Correlation Between 1StdibsCom and Foot Locker
Can any of the company-specific risk be diversified away by investing in both 1StdibsCom and Foot Locker at the same time? Although using a correlation coefficient on its own may not help to predict future stock returns, this module helps to understand the diversifiable risk of combining 1StdibsCom and Foot Locker into the same portfolio, which is an essential part of the fundamental portfolio management process.
By analyzing existing cross correlation between 1StdibsCom and Foot Locker, you can compare the effects of market volatilities on 1StdibsCom and Foot Locker and check how they will diversify away market risk if combined in the same portfolio for a given time horizon. You can also utilize pair trading strategies of matching a long position in 1StdibsCom with a short position of Foot Locker. Check out your portfolio center. Please also check ongoing floating volatility patterns of 1StdibsCom and Foot Locker.
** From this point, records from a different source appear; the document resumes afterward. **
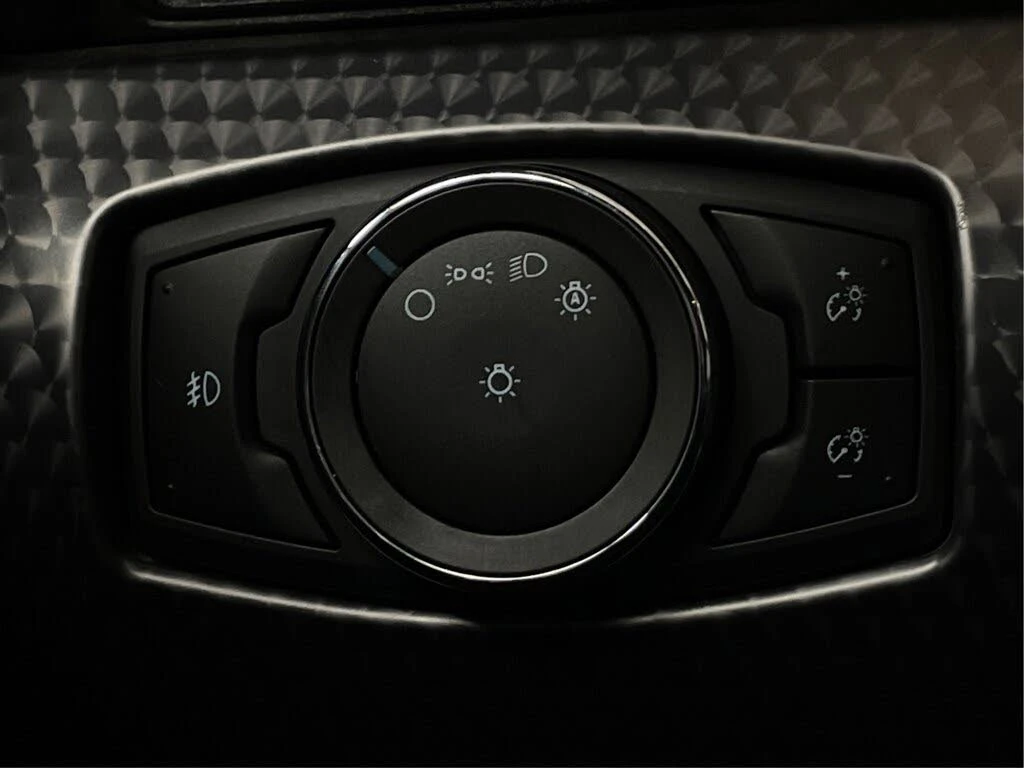 Ford Mustang GT* Premium* Fastback* ����������* (���� �� ��) | Mobile.bg � ����������� 17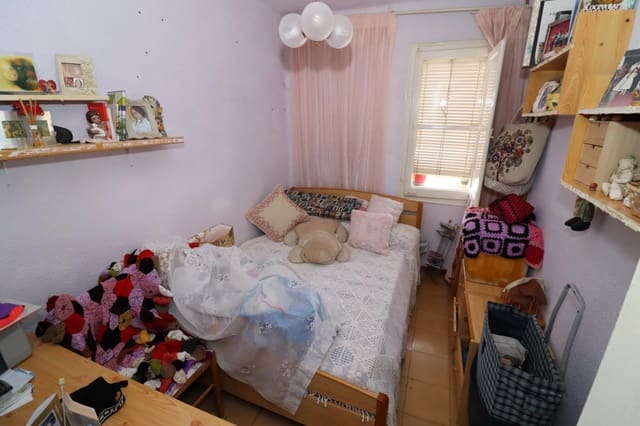 2 bedroom Flat for sale in Alcanar - € 25,000 (Ref: 9797105)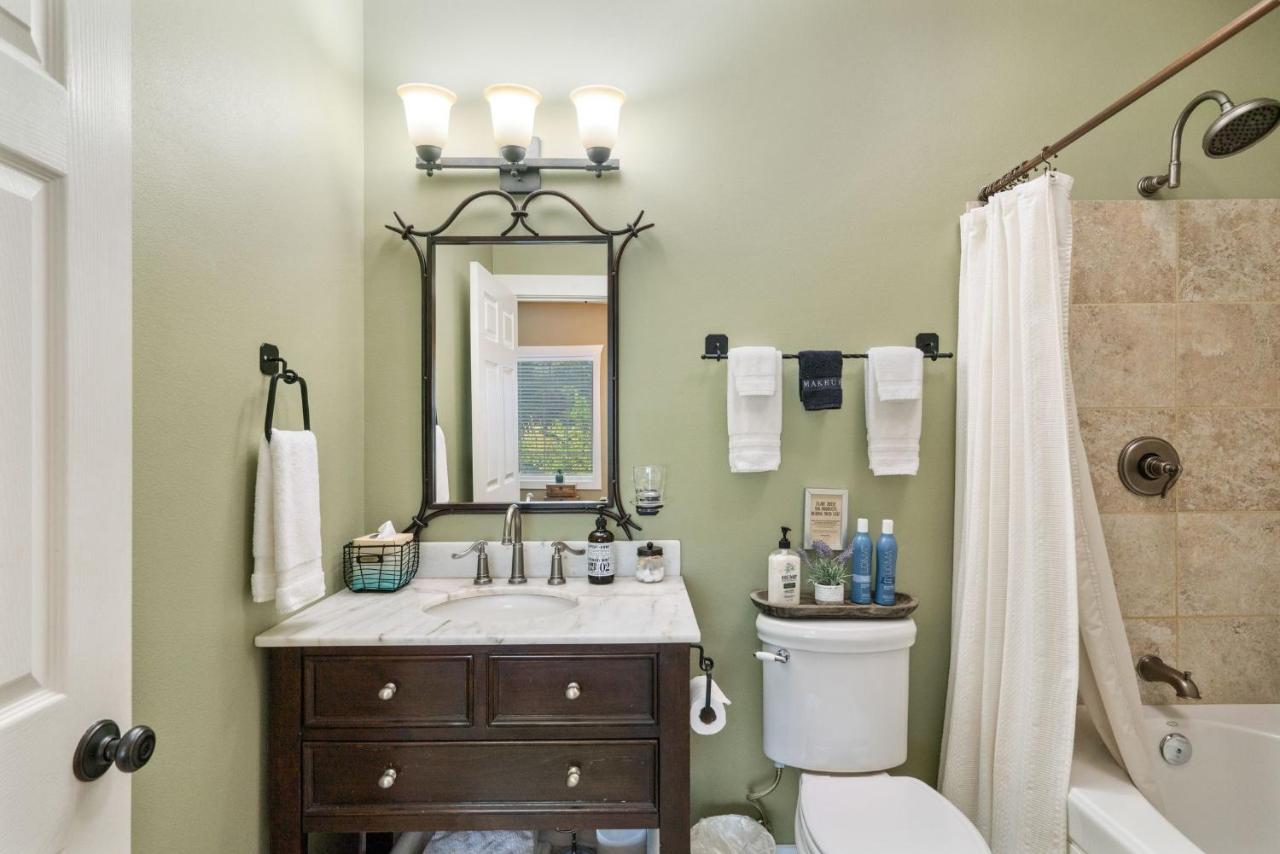 | Granite Hills Inn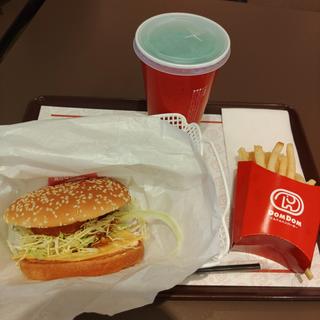 オマールビスクバーガーセット(ドムドムハンバーガー 江釣子店 )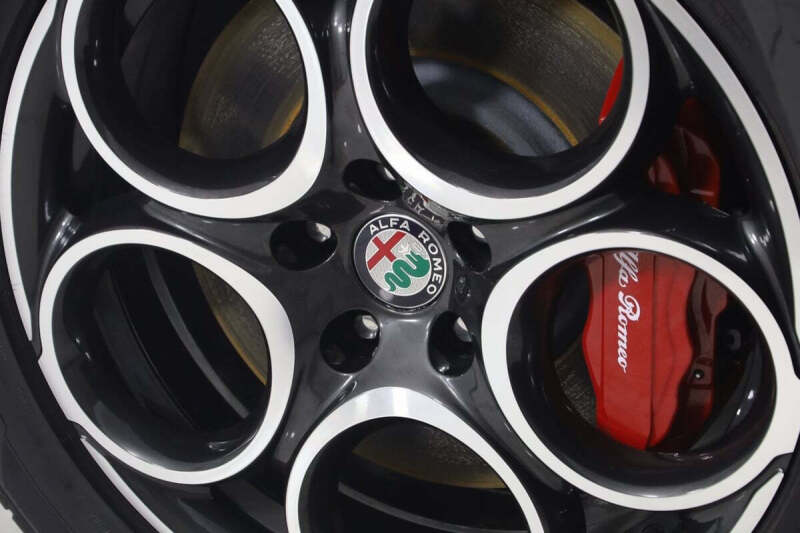 2024 Alfa Romeo Tonale Hybrid Ti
Diversification Opportunities for 1StdibsCom and Foot Locker
0.63 | Correlation Coefficient |
Poor diversification
The 3 months correlation between 1StdibsCom and Foot is 0.63. Overlapping area represents the amount of risk that can be diversified away by holding 1StdibsCom and Foot Locker in the same portfolio, assuming nothing else is changed. The correlation between historical prices or returns on Foot Locker and 1StdibsCom is a relative statistical measure of the degree to which these equity instruments tend to move together. The correlation coefficient measures the extent to which returns on 1StdibsCom are associated (or correlated) with Foot Locker. Values of the correlation coefficient range from -1 to +1, where. The correlation of zero (0) is possible when the price movement of Foot Locker has no effect on the direction of 1StdibsCom i.e., 1StdibsCom and Foot Locker go up and down completely randomly.
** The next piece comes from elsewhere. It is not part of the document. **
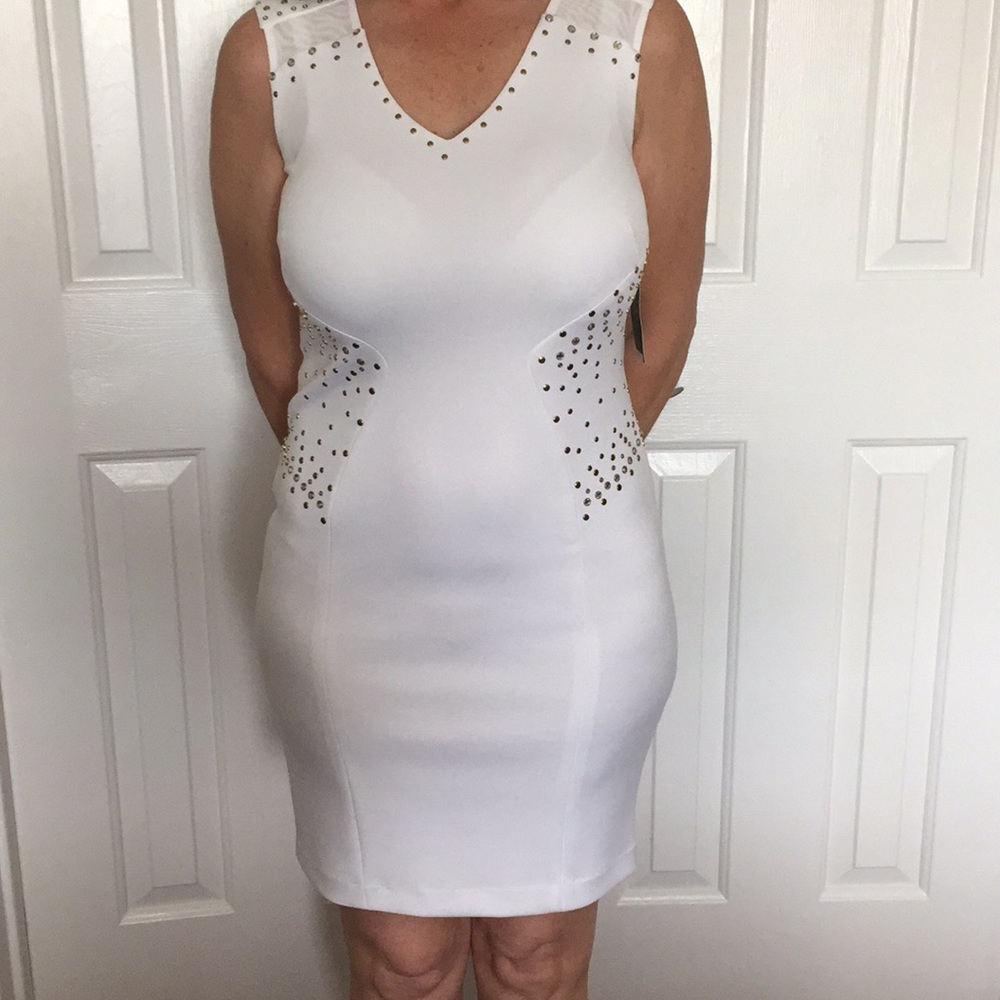 Dress - Picture 3 of 5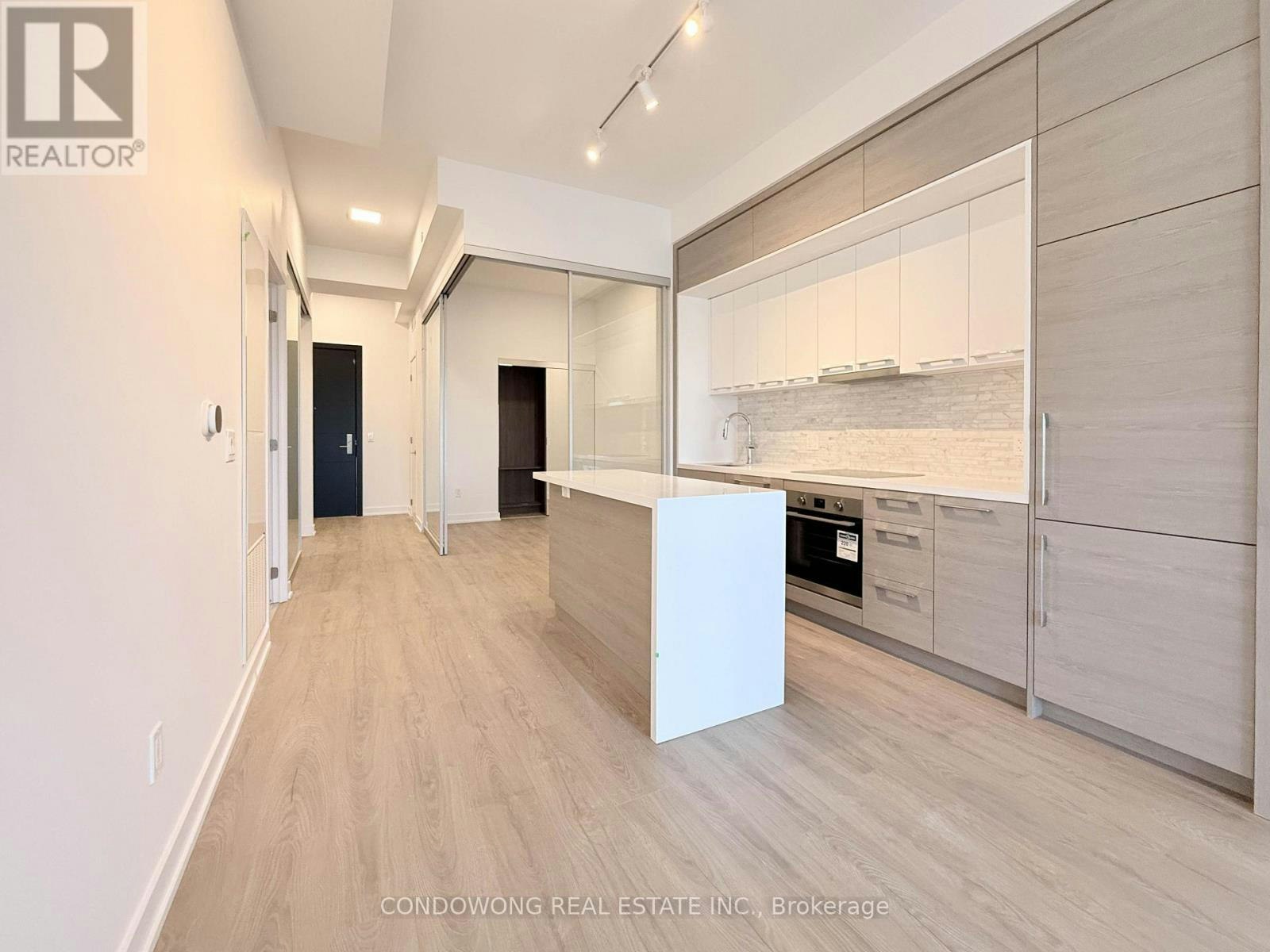 212-29 Green Trail Court, Toronto, ON, M2K 0J9 - 6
Pair Corralation between 1StdibsCom and Foot Locker
Given the investment horizon of 90 days 1StdibsCom is expected to generate 1.06 times more return on investment than Foot Locker. However, 1StdibsCom is 1.06 times more volatile than Foot Locker. It trades about -0.02 of its potential returns per unit of risk. Foot Locker is currently generating about -0.18 per unit of risk. If you would invest 386.00 in 1StdibsCom on September 26, 2024 and sell it today you would lose (9.00) from holding 1StdibsCom or give up 2.33% of portfolio value over 90 days.
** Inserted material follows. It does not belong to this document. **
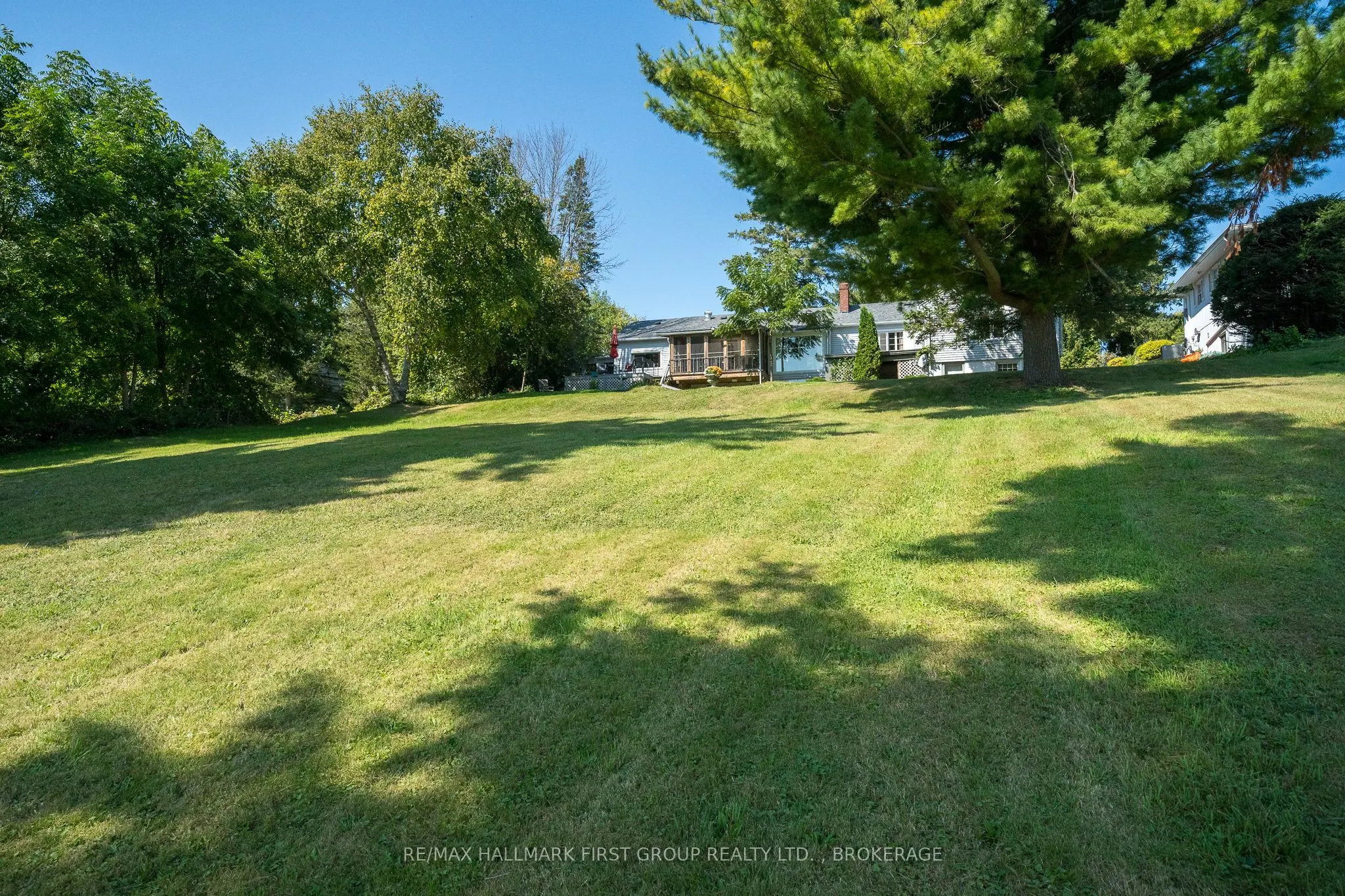 366 Dundas Street W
Time Period | 3 Months [change] |
Direction | Moves Together |
Strength | Significant |
Accuracy | 100.0% |
Values | Daily Returns |
1StdibsCom vs. Foot Locker
Performance |
Timeline |
1StdibsCom |
Foot Locker |
1StdibsCom and Foot Locker Volatility Contrast
Predicted Return Density |
Returns |
Pair Trading with 1StdibsCom and Foot Locker
The main advantage of trading using opposite 1StdibsCom and Foot Locker positions is that it hedges away some unsystematic risk. Because of two separate transactions, even if 1StdibsCom position performs unexpectedly, Foot Locker can make up some of the losses. Pair trading also minimizes risk from directional movements in the market. For example, if an entire industry or sector drops because of unexpected headlines, the short position in Foot Locker will offset losses from the drop in Foot Locker's long position.1StdibsCom vs. PDD Holdings | 1StdibsCom vs. Alibaba Group Holding | 1StdibsCom vs. Sea | 1StdibsCom vs. Wayfair |
Foot Locker vs. Macys Inc | Foot Locker vs. Wayfair | Foot Locker vs. 1StdibsCom | Foot Locker vs. AutoNation |
Check out your portfolio center.Note that this page's information should be used as a complementary analysis to find the right mix of equity instruments to add to your existing portfolios or create a brand new portfolio. You can also try the Volatility Analysis module to get historical volatility and risk analysis based on latest market data.